Veterinary Pharmacologist Overview
Veterinary pharmacologists are veterinarians who specialize in treating animals with drug therapy. They diagnose an ailment and then select the most effective medication, the appropriate dosage, and the best method to administer a drug to the animal patient. Veterinary pharmacologists have expertise in how drugs for animals are developed, tested, and regulated.
The majority of veterinarians, including some veterinary pharmacologists, work in private animal medical care facilities, though some pharmacologists work in laboratory settings developing new medicines for pets and other animals. The job carries a small amount of risk for veterinarians, whether they work with sick and scared animals or handle potentially hazardous materials in a lab. Vets usually work at least full-time, though longer hours are common and might include evenings, nights, and weekends.
Let's look at the education and career path for veterinary pharmacologists:
Career Requirements at a Glance
|Degree Field||Veterinary Medicine|
|Licensure and Certification||State license required; certification is optional|
|Key Skills||Diagnostic abilities, communications, manual agility, compassion; computer and technological skills|
|Salary (2015)*||$99,000 per year (mean salary for all veterinarians)|
Sources: *U.S. Bureau of Labor Statistics, O NET Online.
Earn a Degree & Take the GRE
Step 1: Earn a Bachelor's Degree
Most students earn a bachelor's degree before applying to veterinary school. Veterinary medicine programs typically don't require a particular undergraduate major, as long as prerequisite courses needed for admissions are completed. Undergraduates should take a science-heavy schedule of pre-veterinary classes including animal science, biology, chemistry, biochemistry, microbiology, physics, physiology, and zoology. Classes in mathematics, English, and social sciences might also be needed. Undergraduates need to earn a high GPA to gain admission to most veterinary schools.
Additionally, veterinary schools might show preference to students with experience working with or job shadowing vets or scientists in areas including veterinary medicine, agribusiness, or research. Prospective veterinary students can also gain helpful experience working or volunteering at animal shelters and farms. Participation in organizations including Future Farmers of America or 4-H might boost an applicant's chances of getting admitted to a veterinary medicine program.
Step 2: Take a Graduate Admissions Test
Veterinary medicine schools use scores from standardized tests as one of the factors in deciding which students get in. The majority of vet schools require the Graduate Record Examination (GRE), which gauges skills in verbal and quantitative thinking. The test also includes a section involving analytical writing. Some veterinary medicine schools also use the Biology GRE, and a few programs accept the Medical College Admission Test.
Earn a DVM
Step 3: Earn a Doctor of Veterinary Medicine
Aspiring animal pharmacologists need to attend an accredited veterinary school and earn a Doctor of Veterinary Medicine (DVM). Veterinary school is typically a 4-year program. Students spend the first three years studying in classrooms and labs and honing clinical skills. During the last year, students focus on performing clinical rotations at veterinary medical facilities. Students typically take courses including clinical pharmacology, physical exam techniques, medical ethics, surgery, nutrition, physiology, and toxicology.
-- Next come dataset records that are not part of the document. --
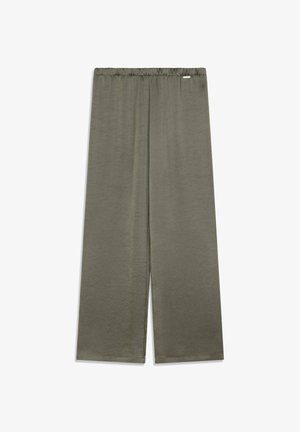 Pantaloni a gamba larga in verde oliva, tessuto leggero, cintura elastica, texture liscia e bordi puliti senza elementi metallici visibili.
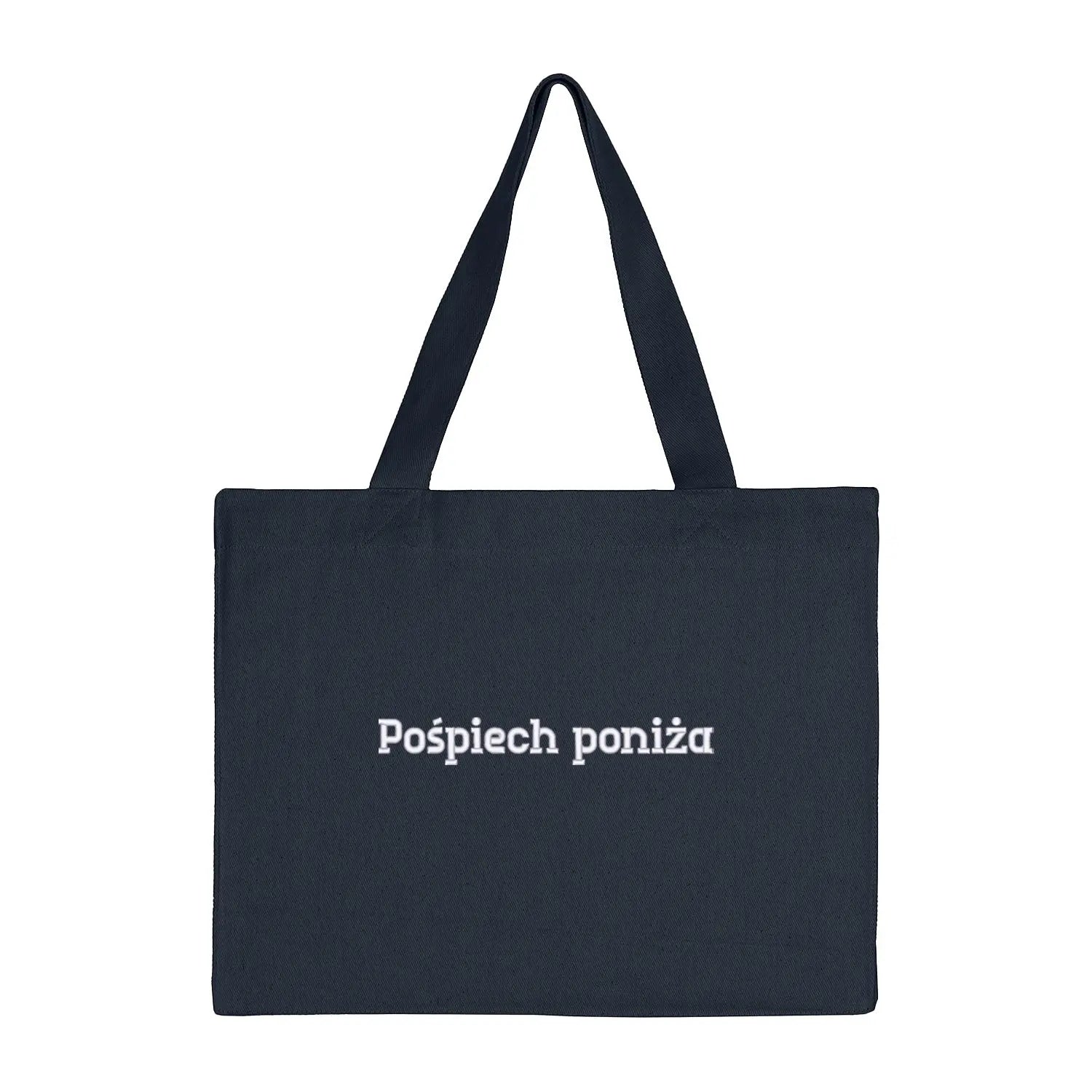 Torba bawełniana „Pośpiech poniża” – Haft 3D, Styl i Dystans do Życia Haft z radości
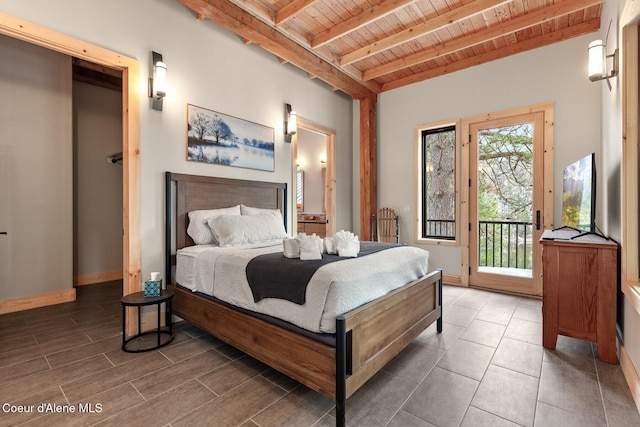 bedroom with wooden ceiling, baseboards, access to exterior, wood tiled floor, and beamed ceiling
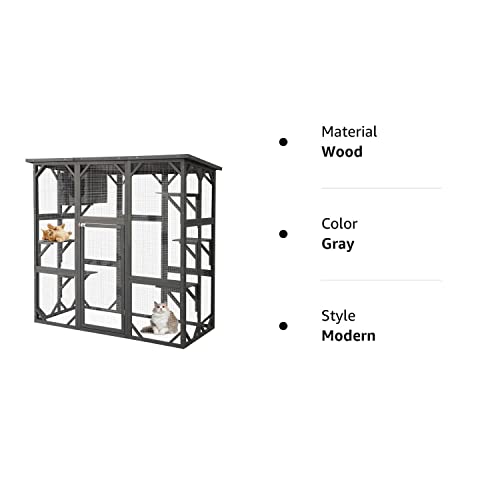 MAGIC UNION Large Fir Wooden Outdoor Indoor Catio Cat Enclosure with Weather Protection Roof with Cattery and 5 Platforms - WoodArtSupply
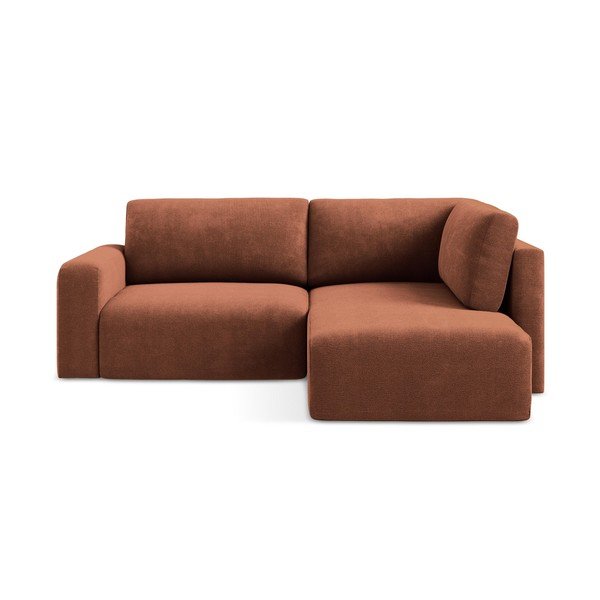 Raztegljiva/s prostorom za shranjevanje kotna sedežna garnitura iz šenilje v barvi terakote (desni kot/v obliki črke L) Kona – Makamii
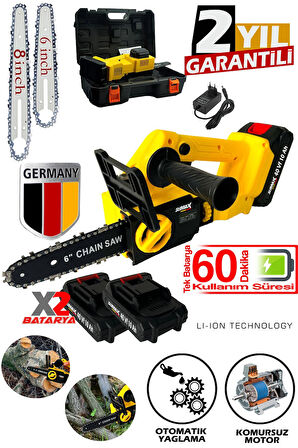 Kömürsüz Motor x2 Çift Pala Çift Zincir Şarjlı Akülü Dal Budama Makinesi 40VF 10AH Çelik Şanzuman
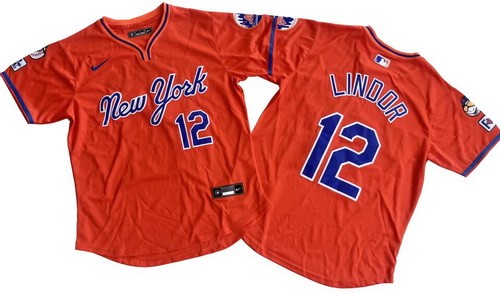 Men's New York Mets #12 Francisco Lindor Orange Alternate Limited Jersey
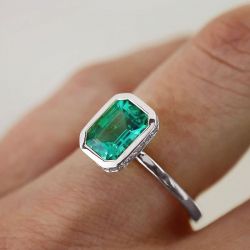 Hidden Halo Asscher Cut Emerald Color Engagement Ring
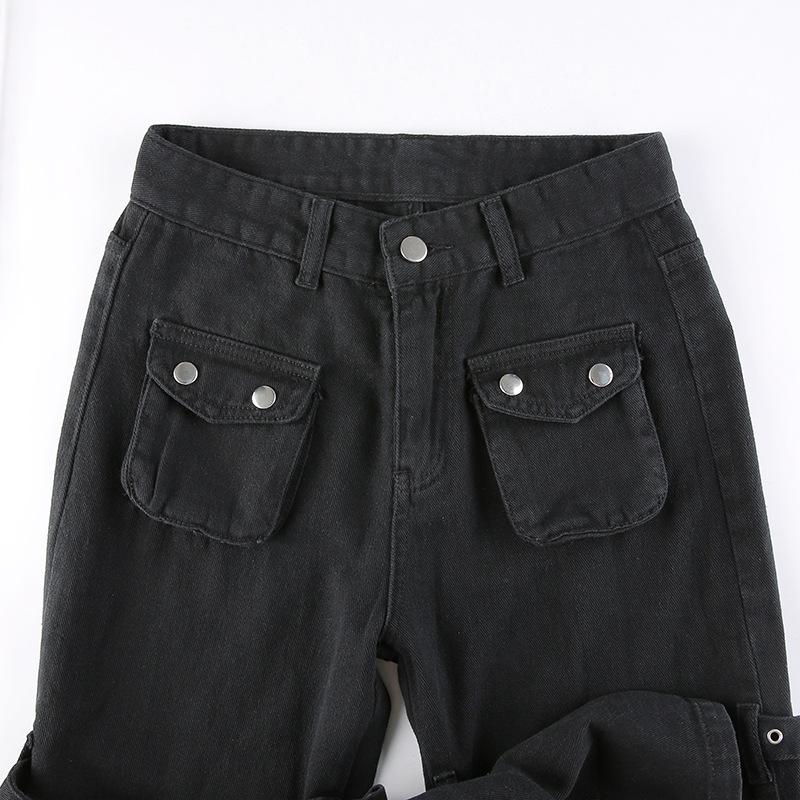 acelimosf™-Button contrast abstract pattern cargo pocket high rise jeans goth Alternative Darkwave Fashion goth Emo Darkwave Fashion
Step 4: Get a Veterinary License
Veterinarians need a state license to practice. States have varying licensing qualifications; however, all require that candidates hold a degree from an accredited veterinary school and pass the North American Veterinary Licensing Exam. Some states require that candidates also pass a state test.
Step 5: Complete Residency Training
After finishing veterinary school, prospective pharmacologists must obtain additional training through a residency program in the specialty. Residency training in veterinary pharmacology typically takes three years to complete. Coursework might include pharmacokinetics, toxicology, regulatory pharmacology, and analytical chemistry. In addition to classes, residents receive clinical training and complete a research project. Residents often serve externships at government agencies, drug companies, animal welfare organizations, and other sites during their training.
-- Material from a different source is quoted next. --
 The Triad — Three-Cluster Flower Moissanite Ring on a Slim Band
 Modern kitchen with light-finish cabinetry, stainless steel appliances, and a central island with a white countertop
Step 6: Get Certified in Veterinary Pharmacology
Board certification is optional for veterinary pharmacologists. Candidates must have graduated from a vet school accredited by the American Veterinary Medical Association and hold a veterinarian license. Those who successfully meet all certification requirements set by the American College of Veterinary Clinical Pharmacology (ACVCP) are called diplomates.
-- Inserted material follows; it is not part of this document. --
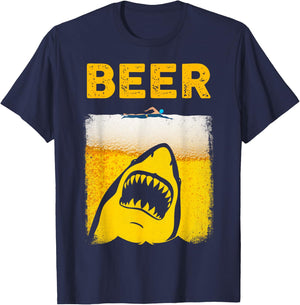 Beer Parody Shark Swimmer Great Funny Gift Beer Lovers T-Shirt - T-Shirt | Navy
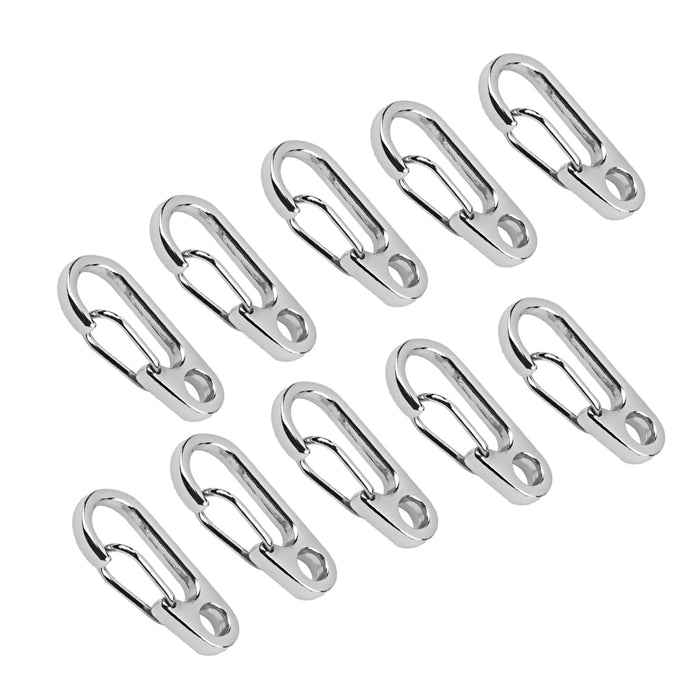 Crofta 10Pcs Silver Alloy Keychain Snap Buckle Carabiner Camping Hiking Spring Hook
Candidates should register their intent to seek certification with the ACVCP shortly after starting residency training. The registration process for certification includes filling out an ACVCP form online, paying a fee, supplying references, and choosing an ACVCP diplomate to act as a mentor. To be eligible to take the first part of the certification exam, applicants must be enrolled in a residency program approved by the ACVCP.
Applicants must have graduated from residency training and passed the first part of the certifying exam to be eligible to proceed to the second part. Other eligibility requirements to take the second part of the certifying exam include filling out a credentials review application online, supplying course transcripts from residency training, paying a fee, and meeting publication requirements for professional literature in the field.
In summary, becoming a veterinary pharmacologist requires earning a Doctor of Veterinary Medicine, getting state licensure, and completing a residency. Voluntary certification is available.